Occluded Human Pose Estimation based on Limb Joint Augmentation
Gangtao Han, Chunxiao Song, Song Wang, Hao Wang, Enqing Chen, Guanghui Wang
TL;DR
The paper tackles occluded human pose estimation by introducing Limb Joint Augmentation (LJA) to simulate occlusions during training and a Dynamic Structure Loss (DSL) that leverages limb graphs to enforce dependencies among adjacent joints. LJA creates occlusion blocks around a subset of visible joints, with $v=\lceil\alpha V\rceil$ and block size $[h_o,w_o]=\beta [h,w]$, while the total loss is $L_{DSL}=L_{MSE}+\lambda L_{LSL}$, with $L_{LSL}$ computed on two limb graphs and a dynamic schedule for $\lambda$ to stabilize training. Experiments on OCHuman and CrowdPose demonstrate consistent improvements across backbones without increasing inference cost, and ablation confirms the complementary contributions of LJA and DSL, with a step-based scheduling performing best.

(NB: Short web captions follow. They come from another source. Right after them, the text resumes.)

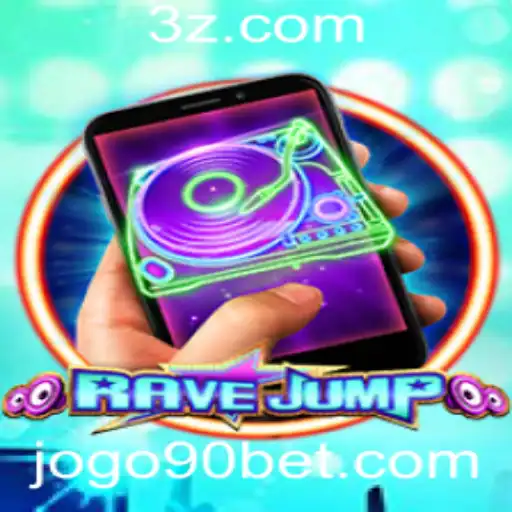 Descubra o Fascinante Mundo de RaveJumpmobile: Um Jogo de Apostas Estonteante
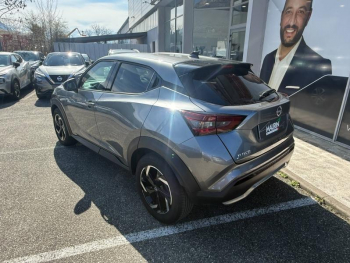 Photo 7 du bon plan NISSAN Juke 1.0 DIG-T 114ch N-Connecta 2023 occasion à 15990 €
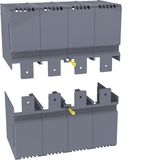 Terminal cover for Straight terminal extension x630/P630 4P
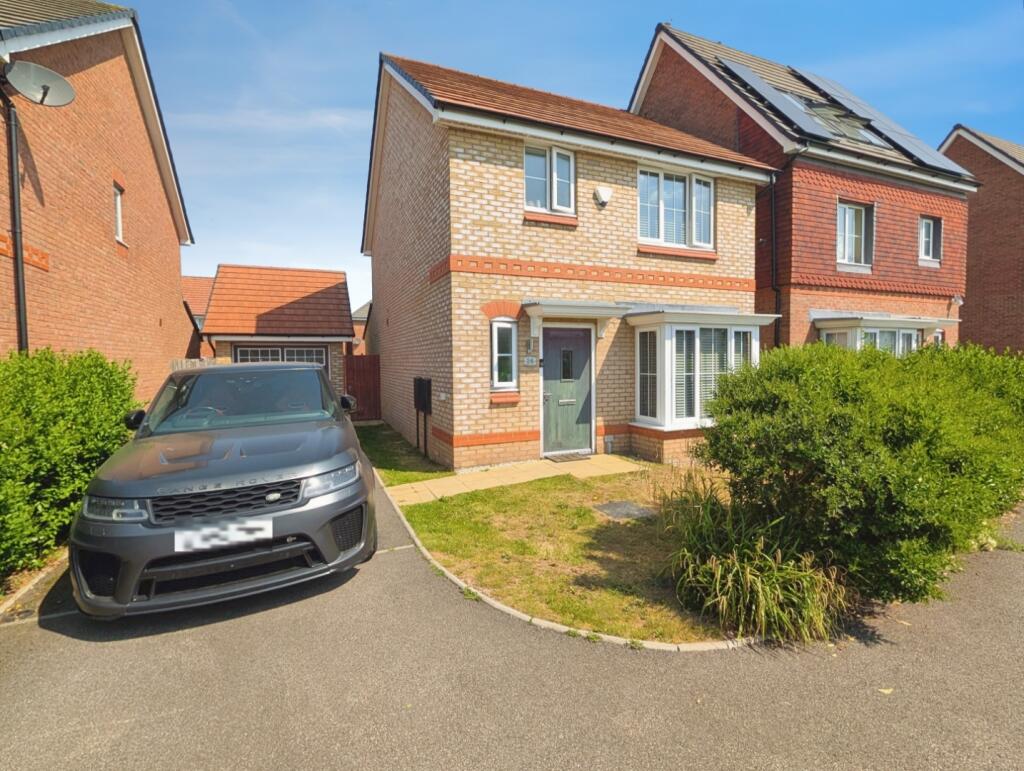 3 bed Detached for rent in Wednesbury. From Hunters - Sedgley 3 bed Detached for rent in Wednesbury. From Hunters - Sedgley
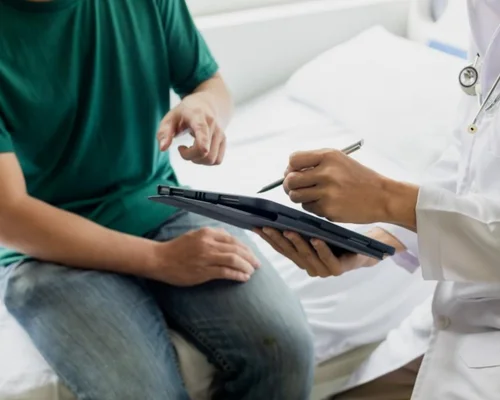 Bladder Stone Specialist Surat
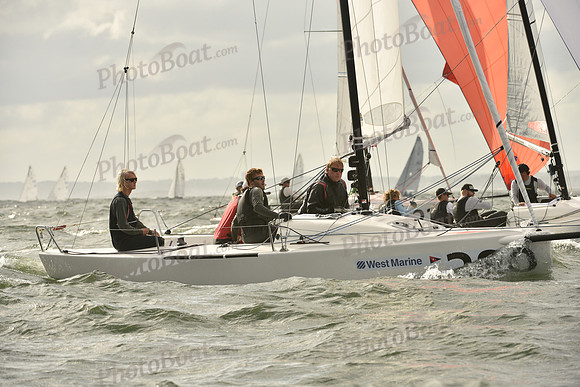 2018 J70 Worlds D_0375
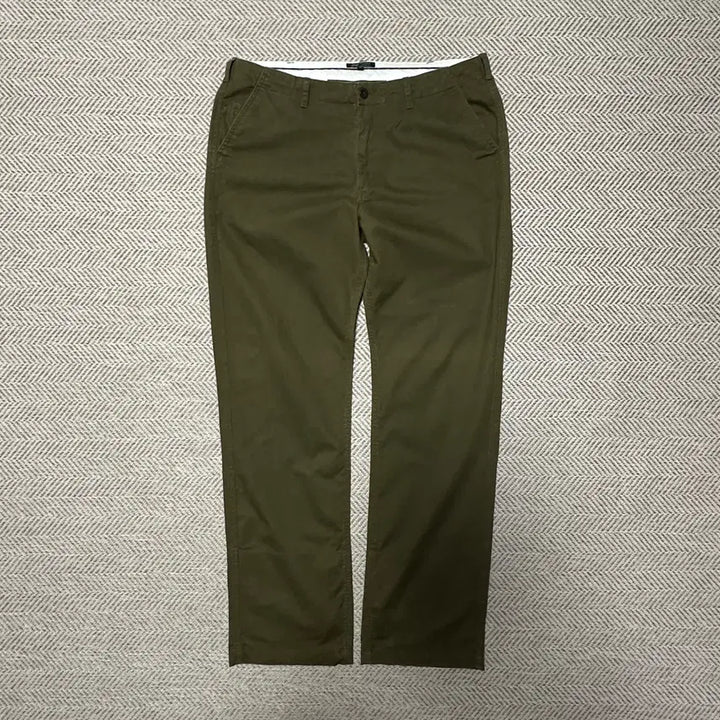[BUNJANG] BEAMS Work Pants / BEAMS work pants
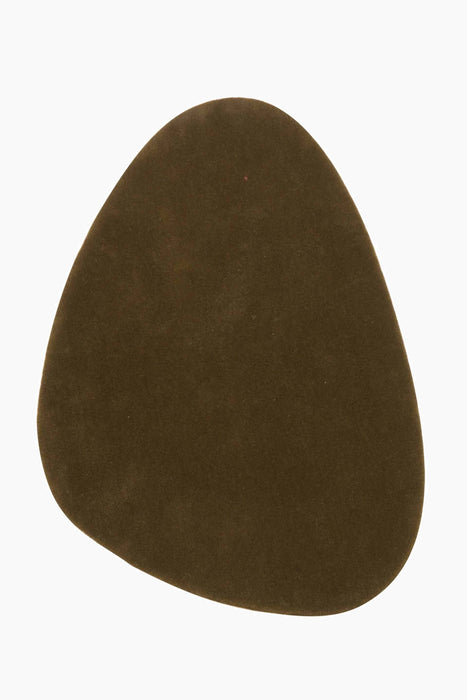 marrón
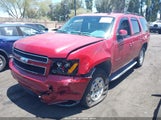 Chevrolet Tahoe Lt 1GNSCBE00DR145715 снимка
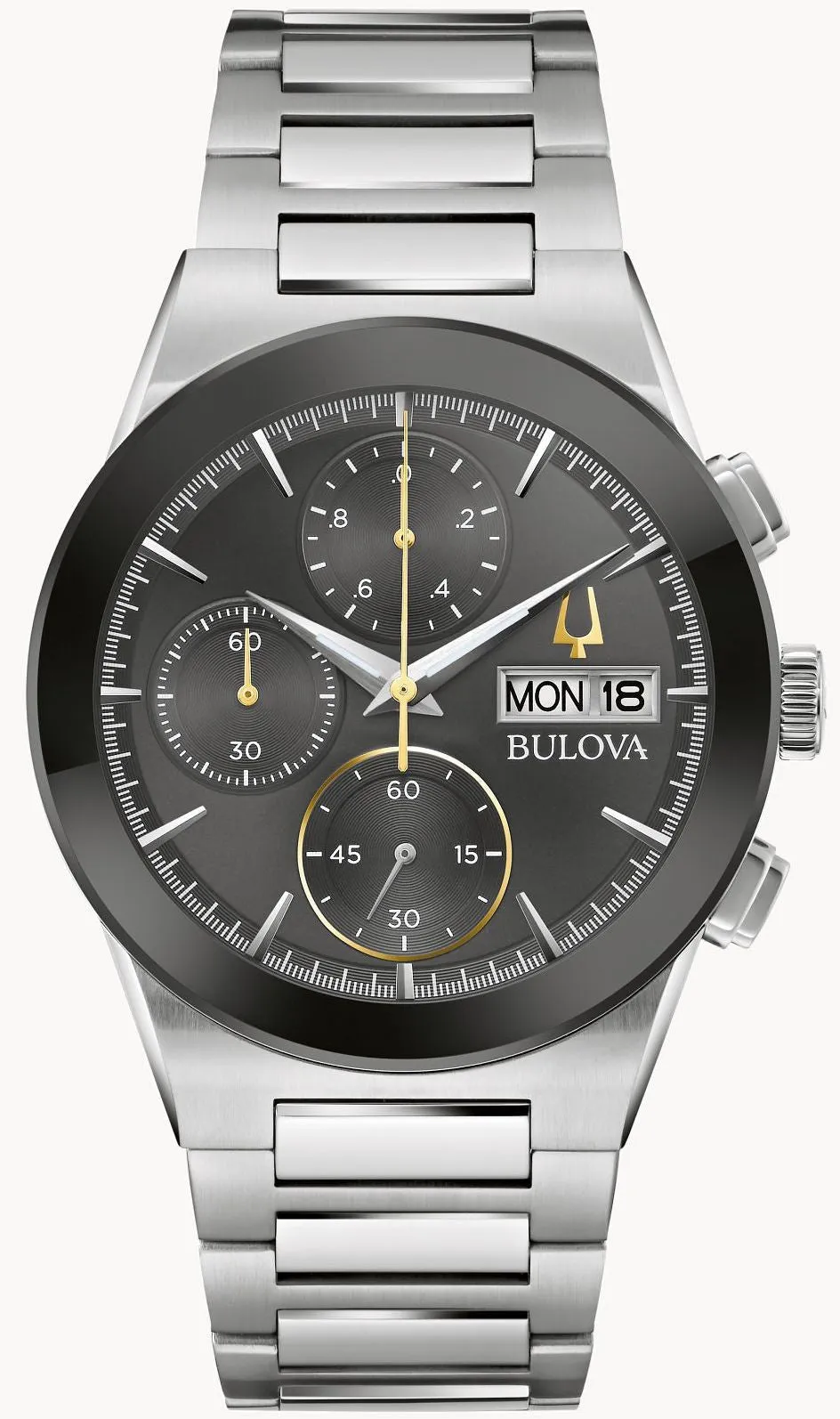 BUL Watch Modern Millennia Mens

The approach offers practical gains for real-world occlusion scenarios, improving robustness without adding computational burden at inference time.
Abstract
Human pose estimation aims at locating the specific joints of humans from the images or videos. While existing deep learning-based methods have achieved high positioning accuracy, they often struggle with generalization in occlusion scenarios. In this paper, we propose an occluded human pose estimation framework based on limb joint augmentation to enhance the generalization ability of the pose estimation model on the occluded human bodies. Specifically, the occlusion blocks are at first employed to randomly cover the limb joints of the human bodies from the training images, imitating the scene where the objects or other people partially occlude the human body. Trained by the augmented samples, the pose estimation model is encouraged to accurately locate the occluded keypoints based on the visible ones. To further enhance the localization ability of the model, this paper constructs a dynamic structure loss function based on limb graphs to explore the distribution of occluded joints by evaluating the dependence between adjacent joints. Extensive experimental evaluations on two occluded datasets, OCHuman and CrowdPose, demonstrate significant performance improvements without additional computation cost during inference.